> _What you need to do_:
All of the entries below should be returned verbatim, apart from the pictures.

> _Data to use_:

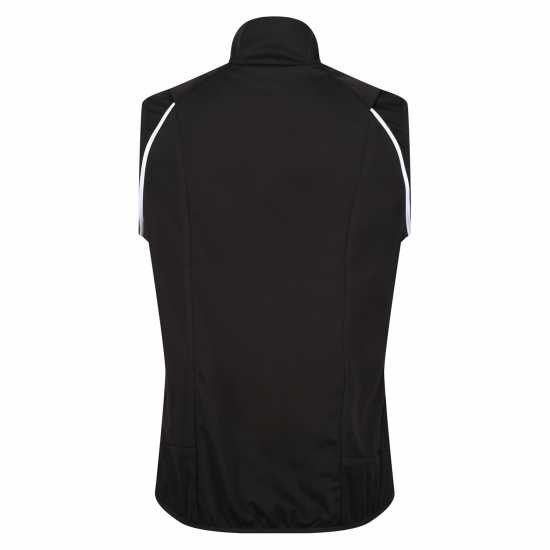 Шел Яке Regatta Steren Hybrid Softshell Jacket Черно 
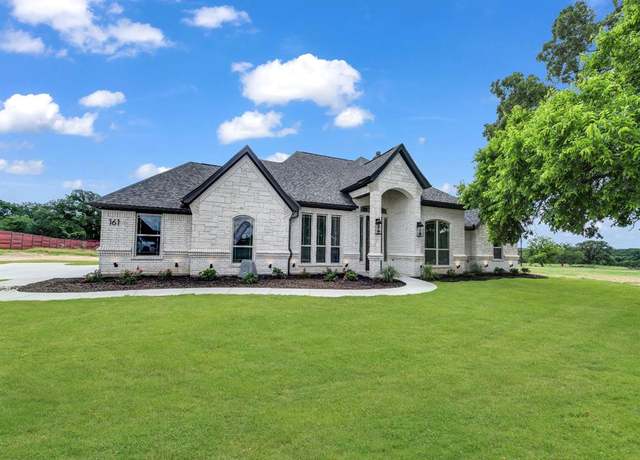 Property at 161 Altom Rd, Springtown, TX 76082, 4 beds, 2 baths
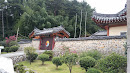 WolSeong Park's HwaJeonJae Temple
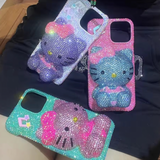 Hello Kitty Bling IPhone Case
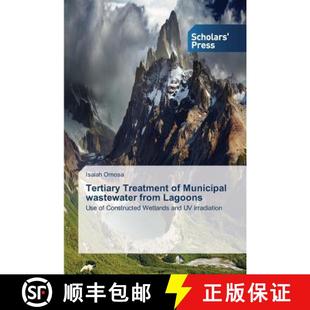 Municipal 9783639709001 Tertiary Lagoons Treatment from 预订 wastewater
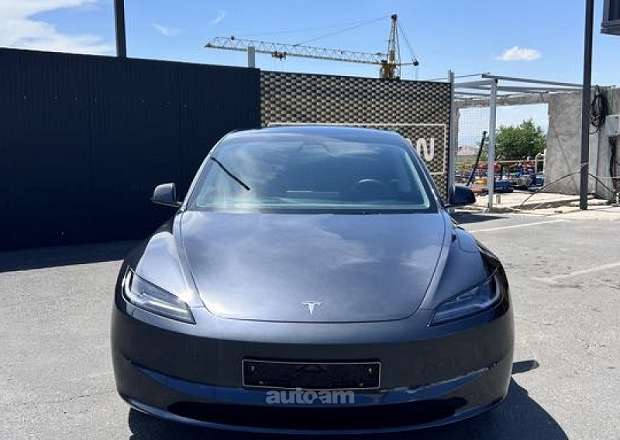 Tesla Model 3 2024 — լուսանկար 1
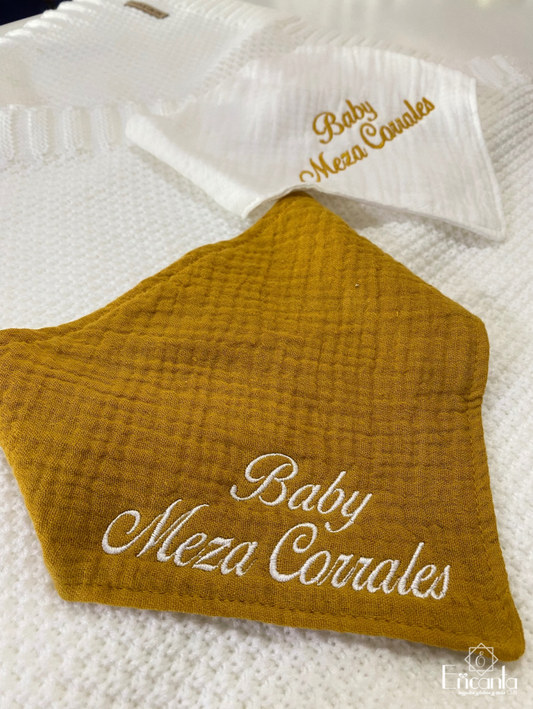 Babero Personalizado
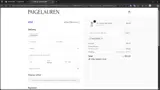 WELCOME20 coupon verification screenshot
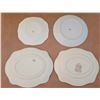 Image 2 : 4 Plates/Platters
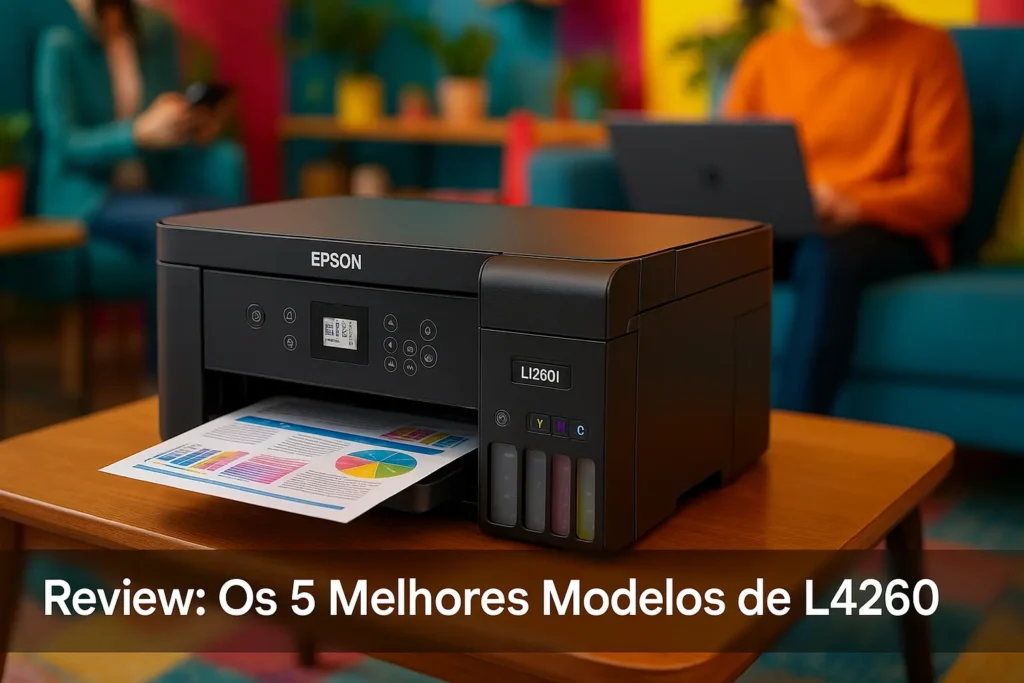 Os 5 Melhores Modelos de l4260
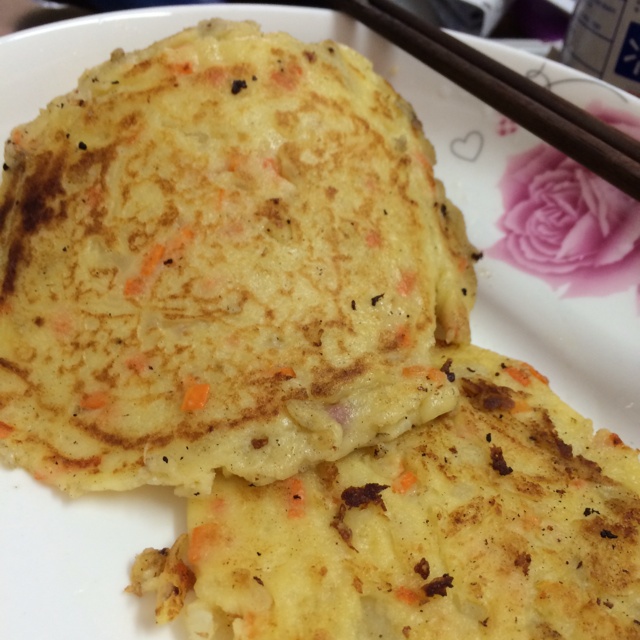 土豆饼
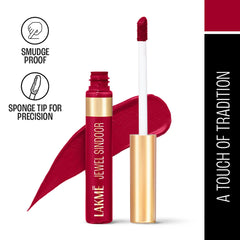 LAKME JEWEL SINDOOR 5ML MAROON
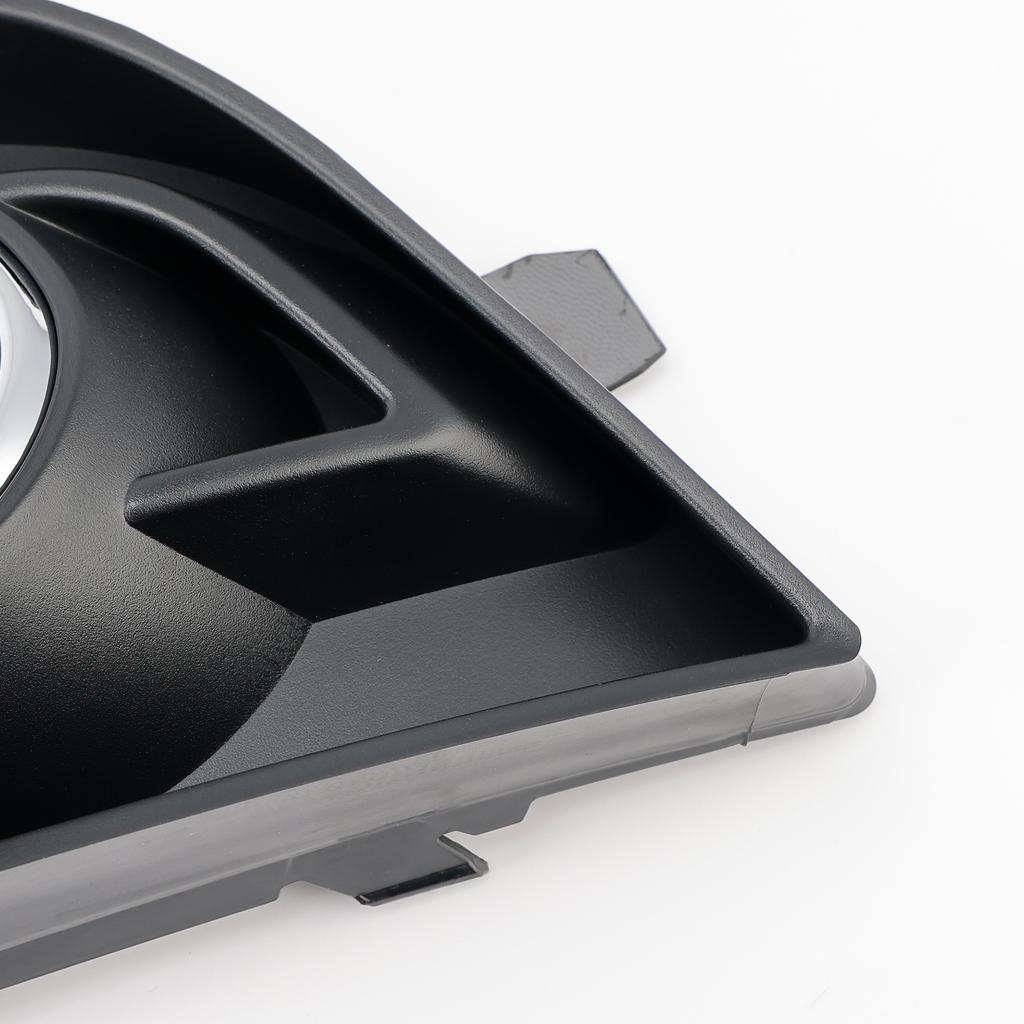 2 STÜCK Nebelscheinwerfergitter Frontstoßstangengitterabdeckung 8X0807681A 8X0807682A Passend für A1 8X 2011-2014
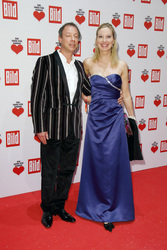 Sammy Brauner mit Freundin Manuela Tischler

> _The completed task_:
 Шел Яке Regatta Steren Hybrid Softshell Jacket Черно 
 Property at 161 Altom Rd, Springtown, TX 76082, 4 beds, 2 baths
 WolSeong Park's HwaJeonJae Temple
 Hello Kitty Bling IPhone Case
 Municipal 9783639709001 Tertiary Lagoons Treatment from 预订 wastewater
 Tesla Model 3 2024 — լուսանկար 1
 Babero Personalizado
 WELCOME20 coupon verification screenshot
 Image 2 : 4 Plates/Platters
 Os 5 Melhores Modelos de l4260
 土豆饼
 LAKME JEWEL SINDOOR 5ML MAROON
 2 STÜCK Nebelscheinwerfergitter Frontstoßstangengitterabdeckung 8X0807681A 8X0807682A Passend für A1 8X 2011-2014
 Sammy Brauner mit Freundin Manuela Tischler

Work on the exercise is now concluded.